But keeping in line with their impartial reporting of the truth, the Lords of Loud have not let the administration's admission of no WMD, nor the 9/11 Commission's exhausting and thorough investigation, shredding the CIA's mish-mash of assumptions drawn from questionable sources, stop the Lords Of Loud them from reporting what they believe. And what they believe is: WMD HAS BEEN FOUND!

You scoff? I guess you consider the ten-year-old sarin gas shell found in an Iraqi scientist's backyard, "non-threatening" to freedom-loving Americans?

Co-chairman of the Senate Intelligence Committee, Republican Pat Roberts, says there are no WMD.

The Lords Of Loud says he's just trying to make friends with the Dems.

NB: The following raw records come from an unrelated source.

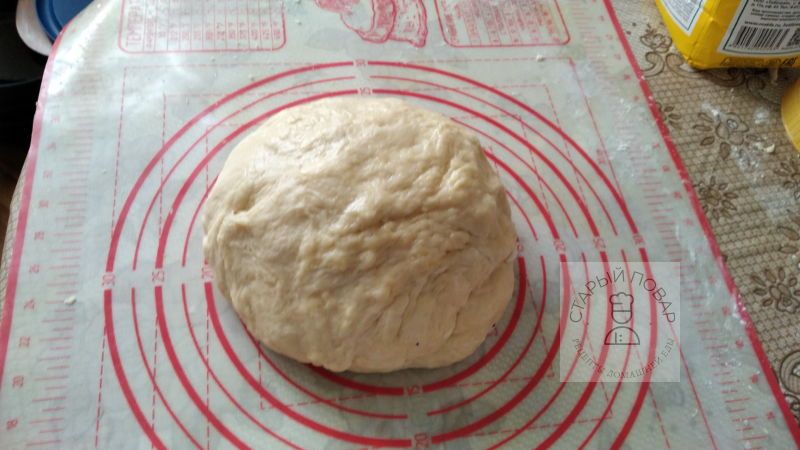 Тесто хорошо вымесить и собрать в шар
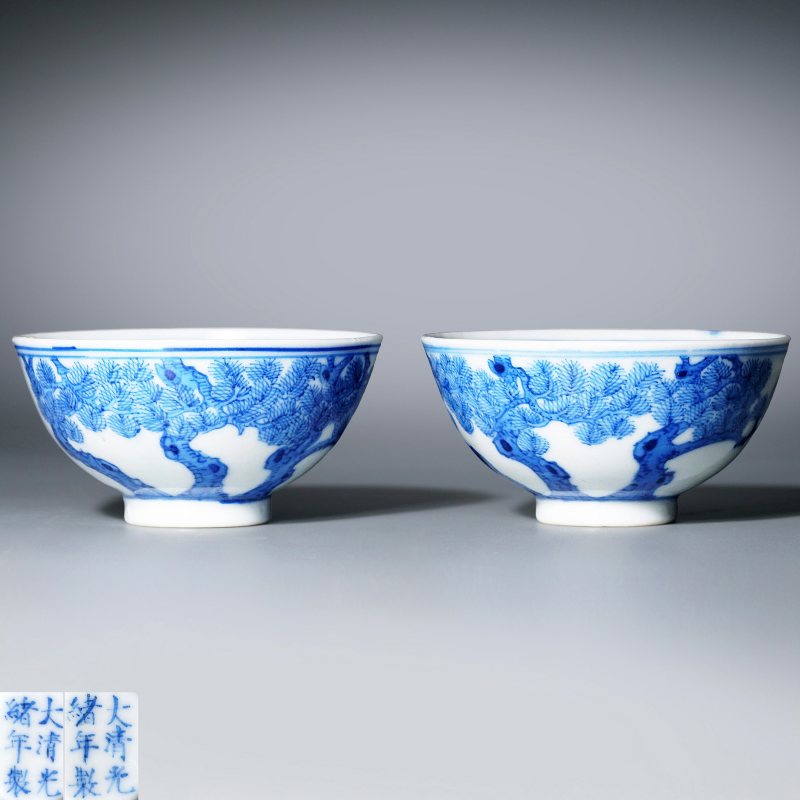 清光绪 青花虬松图杯一对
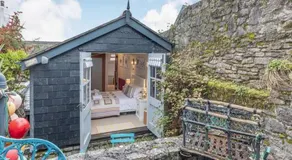 Quay Cottage Nautical themed Right on the estuary Dittisham Family friendly - Image 3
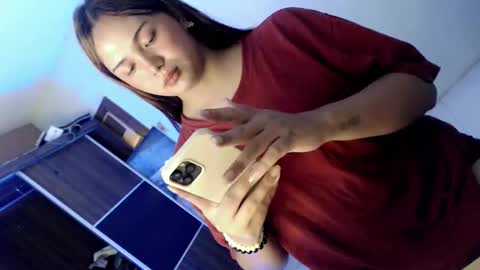 Snapshot of yourlovingpearl chatting on November 20, 12:44 am PEARL online show from November 20, 12:44 am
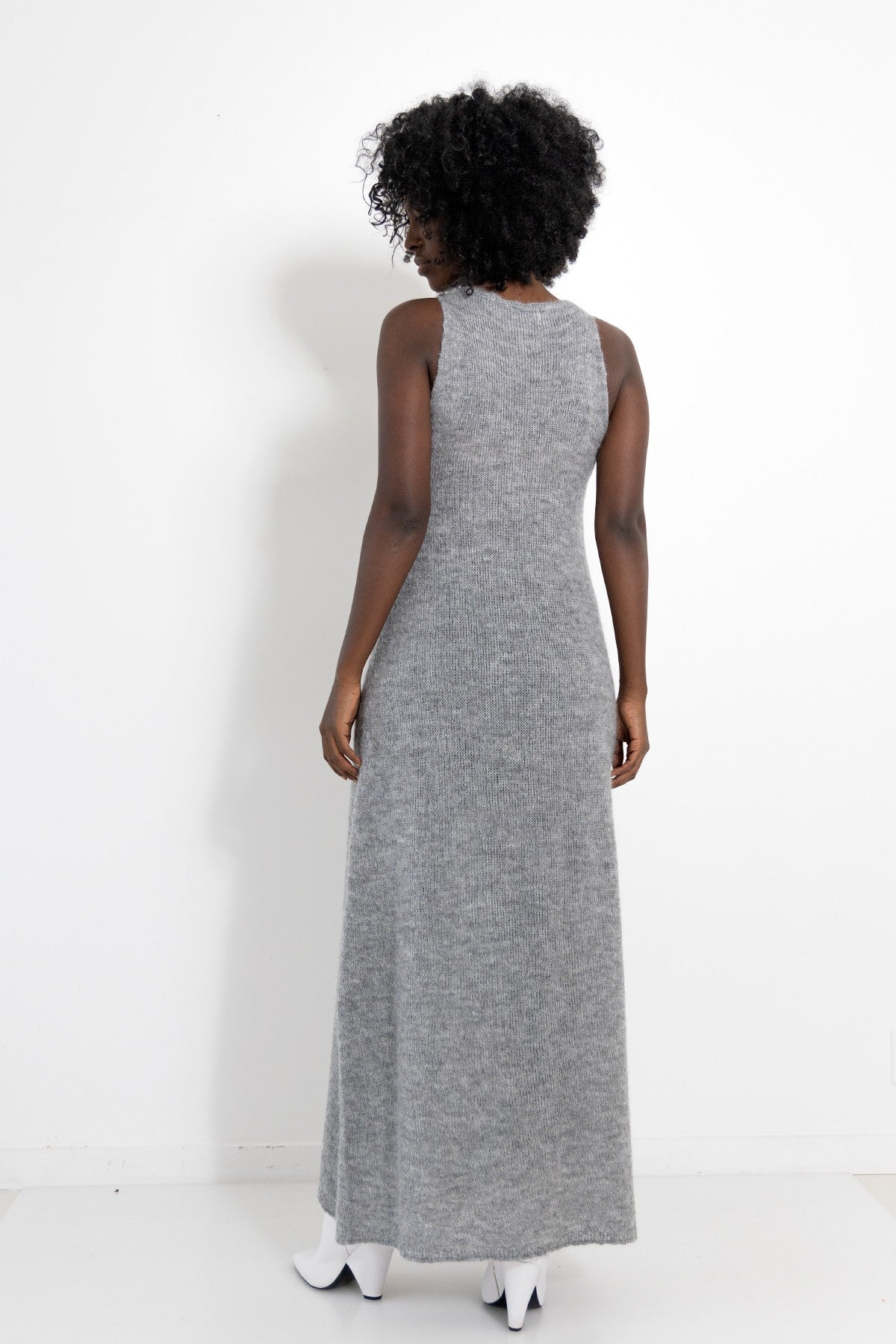 Long woolen dress with a gray flower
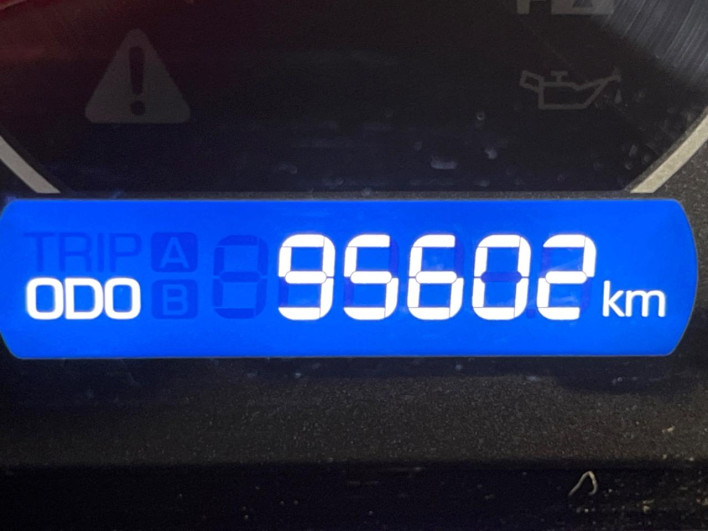 2018 Toyota Noah DBA-ZRR80W (UW-69f95ee92f17b)[2]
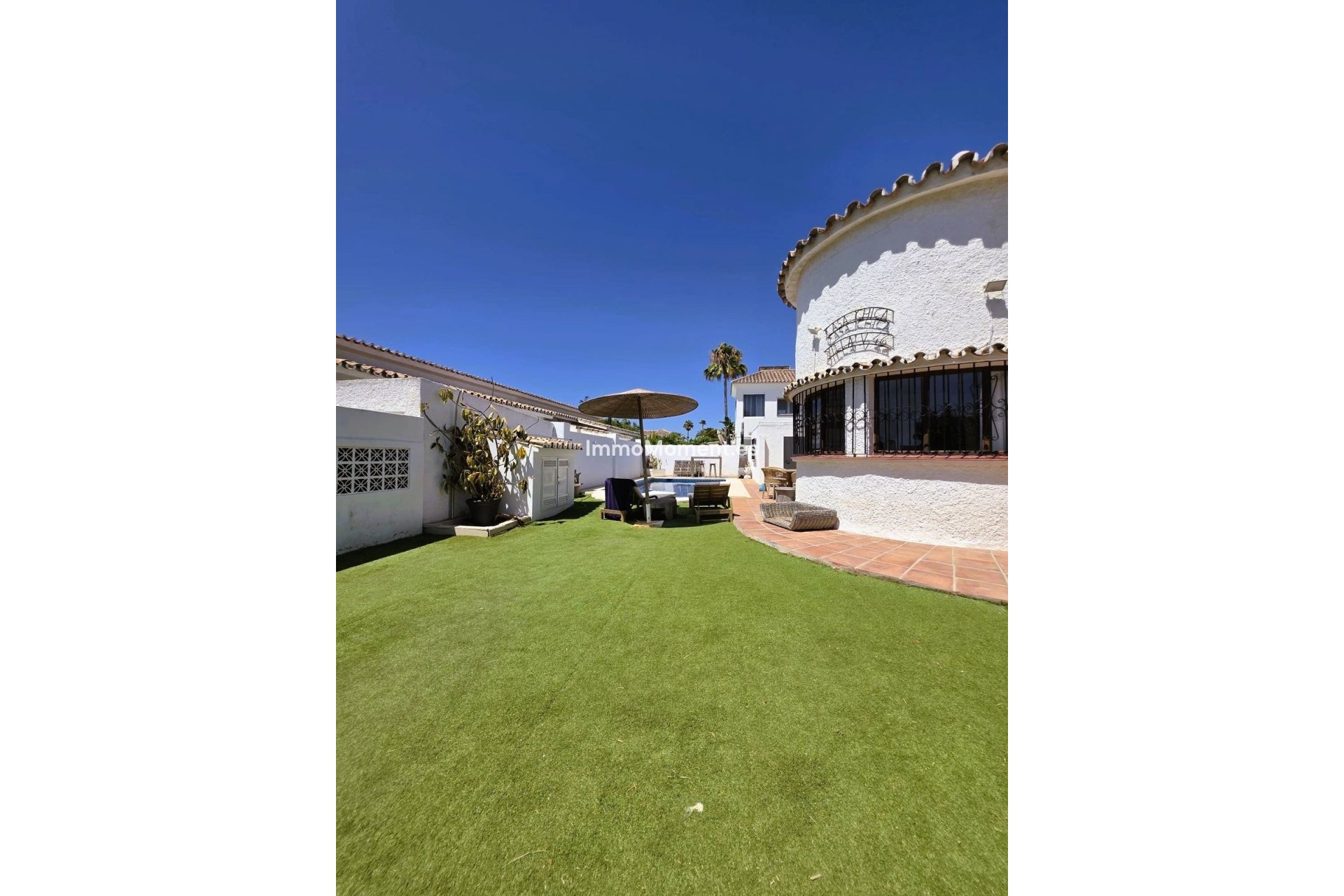 Resale - Detached villa - Estepona - Estepona Centro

David Kay, selected by President Bush as special advisor to investigate WMD in Iraq, reports there are none to be found and there was no imminent threat from Saddam Hussein and that the intelligence did not support the Bush Administration's argument that there was no alternative but to go to war when we did.

The Lords Of Loud know which part of Kay's reports really counts: "Iraq may have been even more dangerous than we thought." That part where he says there are no WMD? That's just the liberal media spinning Kay's "there are no WMD," into, well, "there are no WMD." Damn eliters!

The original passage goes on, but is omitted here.